This is more of an AHC. The effects of the Roman bishopric not being that important are unpredictable.
The problem here is that at the time of the Council of Nicaea, the eastern half of the Roman empire was much more Christianized than the western half. Nearly all of the participating clergy came from the eastern half. The city of Rome itself was just important enough, and the western half just important enough, to get one of the five patriarchs but not Christianized enough for two.
So to keep the Patriarch of the West from being the Bishop of Rome, you really need to screw with the time line in ways that would produce massive butterflies:
1. You could have Christianity make so little progress in the west that there is no western patriarch, but now you have changed the history of early Christianity and you probably have gotten rid of either Constantine's conversion or his conquest of the Roman Empire.

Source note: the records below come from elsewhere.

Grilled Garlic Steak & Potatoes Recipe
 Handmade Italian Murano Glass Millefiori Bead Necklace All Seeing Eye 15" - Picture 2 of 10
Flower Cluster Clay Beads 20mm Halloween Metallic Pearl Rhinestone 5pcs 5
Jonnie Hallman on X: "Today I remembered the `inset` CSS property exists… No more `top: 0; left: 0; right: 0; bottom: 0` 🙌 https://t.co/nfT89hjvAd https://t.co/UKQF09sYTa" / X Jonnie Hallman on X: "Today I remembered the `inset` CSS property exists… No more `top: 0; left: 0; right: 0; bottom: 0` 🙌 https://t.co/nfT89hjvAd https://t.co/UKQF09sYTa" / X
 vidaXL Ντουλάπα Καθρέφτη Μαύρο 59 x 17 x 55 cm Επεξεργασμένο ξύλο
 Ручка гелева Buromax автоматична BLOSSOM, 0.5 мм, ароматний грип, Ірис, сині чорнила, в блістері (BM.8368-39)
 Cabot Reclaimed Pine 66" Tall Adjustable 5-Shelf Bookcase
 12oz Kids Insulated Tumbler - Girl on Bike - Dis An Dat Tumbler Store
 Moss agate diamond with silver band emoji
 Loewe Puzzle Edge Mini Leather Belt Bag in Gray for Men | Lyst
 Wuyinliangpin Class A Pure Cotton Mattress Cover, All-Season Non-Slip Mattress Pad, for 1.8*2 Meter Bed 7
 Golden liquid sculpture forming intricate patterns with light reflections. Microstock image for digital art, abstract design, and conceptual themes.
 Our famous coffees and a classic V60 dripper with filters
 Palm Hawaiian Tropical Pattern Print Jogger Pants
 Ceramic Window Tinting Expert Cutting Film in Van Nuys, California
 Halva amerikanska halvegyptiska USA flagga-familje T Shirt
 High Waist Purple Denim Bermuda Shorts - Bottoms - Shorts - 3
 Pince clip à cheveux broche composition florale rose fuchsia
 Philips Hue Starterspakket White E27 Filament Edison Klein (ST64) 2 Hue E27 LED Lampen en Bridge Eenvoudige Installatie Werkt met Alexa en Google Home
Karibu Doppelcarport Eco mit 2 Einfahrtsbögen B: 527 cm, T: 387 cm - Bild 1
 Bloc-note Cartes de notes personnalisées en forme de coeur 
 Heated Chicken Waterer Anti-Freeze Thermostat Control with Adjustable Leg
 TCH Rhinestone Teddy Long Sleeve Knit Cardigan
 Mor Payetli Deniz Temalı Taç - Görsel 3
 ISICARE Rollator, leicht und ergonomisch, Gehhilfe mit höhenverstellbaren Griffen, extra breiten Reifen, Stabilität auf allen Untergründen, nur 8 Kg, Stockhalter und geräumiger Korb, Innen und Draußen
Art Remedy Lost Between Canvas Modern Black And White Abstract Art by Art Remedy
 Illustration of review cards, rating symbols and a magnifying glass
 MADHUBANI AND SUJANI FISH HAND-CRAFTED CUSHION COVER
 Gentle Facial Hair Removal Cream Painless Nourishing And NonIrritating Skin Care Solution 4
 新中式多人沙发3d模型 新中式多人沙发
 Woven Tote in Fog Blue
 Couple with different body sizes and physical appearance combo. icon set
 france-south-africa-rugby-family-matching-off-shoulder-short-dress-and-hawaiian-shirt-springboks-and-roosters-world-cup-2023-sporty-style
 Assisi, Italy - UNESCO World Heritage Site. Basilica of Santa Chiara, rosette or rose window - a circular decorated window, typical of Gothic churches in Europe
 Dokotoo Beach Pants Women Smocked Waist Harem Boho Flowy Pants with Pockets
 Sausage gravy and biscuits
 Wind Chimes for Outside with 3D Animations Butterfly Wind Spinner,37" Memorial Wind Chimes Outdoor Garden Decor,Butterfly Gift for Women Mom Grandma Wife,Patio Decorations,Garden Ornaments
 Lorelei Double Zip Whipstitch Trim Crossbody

This also gets rid of the Council of Nicaea itself.
2. You can make the Western half much more Christian, but again this changes the early Christianity, and there is still the problem that the second western patriarch is much more likely to be in the areas taken over by Islam (North Africa or Spain) than in Gaul.
3. Most feasible is to have one western patriarch, but the location is a different city, most likely Milan. In this case history unfolds as IOTL, just with the Pope based in Milan and not Rome.
Now #3 is a realistic POD and while you still get one Pope in the Western Church, the history of the Papacy starts to diverge from the OTL history of the Papacy for several reasons. First, Rome after much of its sanitation infrastructure was destroyed in the sixth century, was malarial and you had lots of Popes dying at inopportune times that wouldn't happen if the Papacy was in Milan, or trying to leave Rome which again wouldn't happen. Second, the Byzantines were actually pretty successful in controlling the Popes in the sixth and seventh centuries and for geographical reasons it would have been harder to project power to Milan. Third, a completely different local aristocracy. So butterflies would accumulate but you still get one line of Popes in the Western Church, just different individual Popes.